From then onwards, González became a defensive mainstay in Juan Ramón López Muñiz's side, soon attracting interest from the likes of Real Madrid, Atlético Madrid, Liverpool and Hull City.

===Castilla===
After the arrival of manager Manuel Pellegrini, González appeared more as a defensive midfielder than in his natural position, but was also deemed surplus to requirements in December 2010 alongside five other players – he eventually stayed at the club. However, on 28 January 2011, he was loaned to Real Madrid Castilla of Segunda División B for the rest of the season and the following, making his official debut on 6 February in a 2–0 win at Pontevedra CF.
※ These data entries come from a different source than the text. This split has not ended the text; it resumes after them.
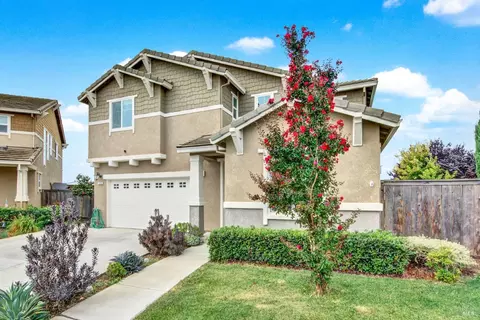 Exterior - 1320 Cornell Dr, Dixon, CA 95620 photo 4 of 23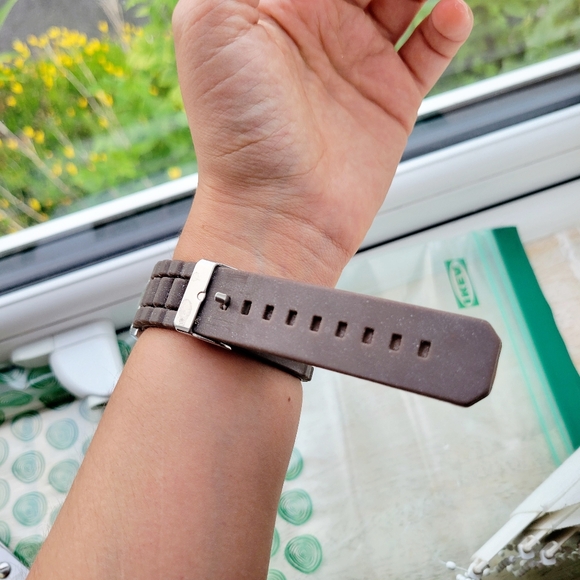 Classic Giorgie Valentian Watch - Picture 6 of 7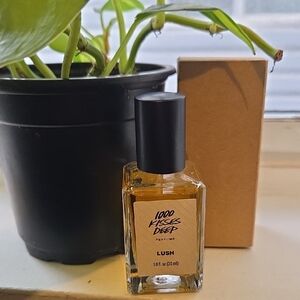 Lush 1000 Kisses Deep Perfume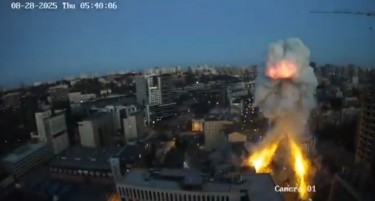 (ВОЗНЕМИРУВАЧКО ВИДЕО) Страотен руски напад на Киев однесе во смрт најмалку 18 луѓе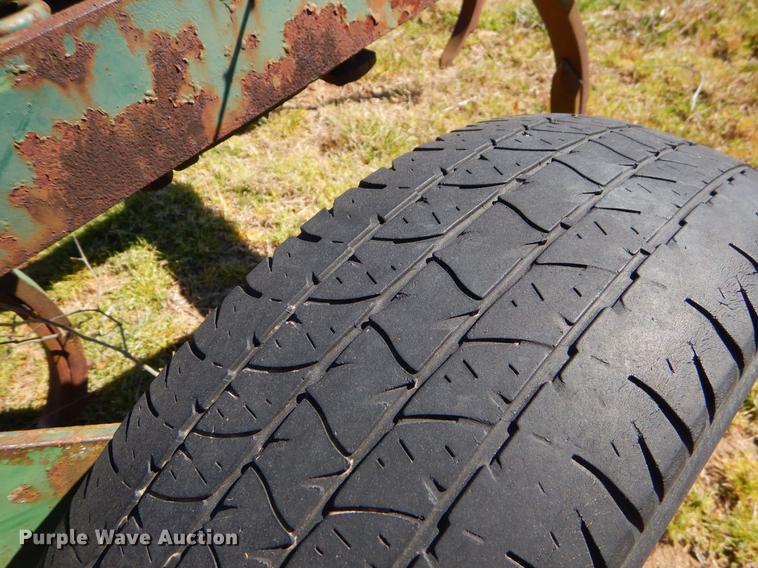 image for item EZ9854 John Deere 100 chisel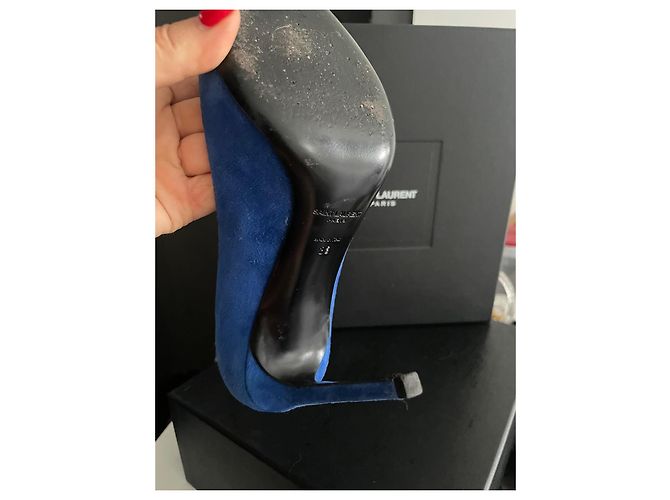 Saint Laurent Wildleder High Heels in einem umwerfenden Blau Marineblau - Ansicht 12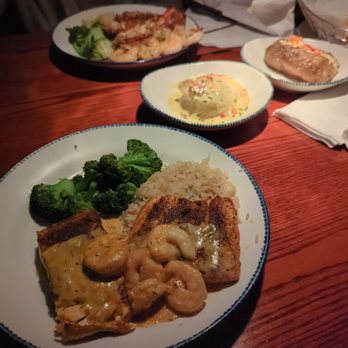 Red Lobster - Seafood Near Me - Wethersfield, Connecticut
On 11 September 2011, in a match against Coruxo FC, Iván scored his first goal for Castilla, also being sent off in the 1–1 away draw. He again received his marching orders on 16 October, now in a 1–0 away loss to Rayo Vallecano B.

González returned to Málaga after his loan stint, but his remaining one-year contract was terminated and again signed with Castilla.

===Erzgebirge Aue===
On 20 September 2013, González joined German 2. Bundesliga club FC Erzgebirge Aue, signing a two-year deal and being given the number 32 shirt. On 30 September 2014, his contract was terminated by mutual consent.

===Later career===
González moved clubs and countries again in February 2015, signing with ASA Târgu Mureș in Romania. In late June 2016, he agreed to a two-year contract at AD Alcorcón, but left the following 4 January by mutual consent.

On 11 January 2017, González switched to the Ekstraklasa with Wisła Kraków. On 8 August, he scored twice through penalties to help the hosts defeat Wisła Płock 2–1 in the round of 32 of the Polish Cup. In May 2018, it was announced he would be leaving at the end of the next month.

On 17 July 2018, González joined Recreativo de Huelva. In May 2020, he retired at the age of 32 due to injury problems.

==International career==
On 6 August 2010, González was called up by coach Luis Milla to the Spain under-21 team, for a 2011 UEFA European Championship qualifier against Finland. Four months earlier, he had already been summoned by the previous manager Juan Ramón López Caro, but eventually did not make his debut.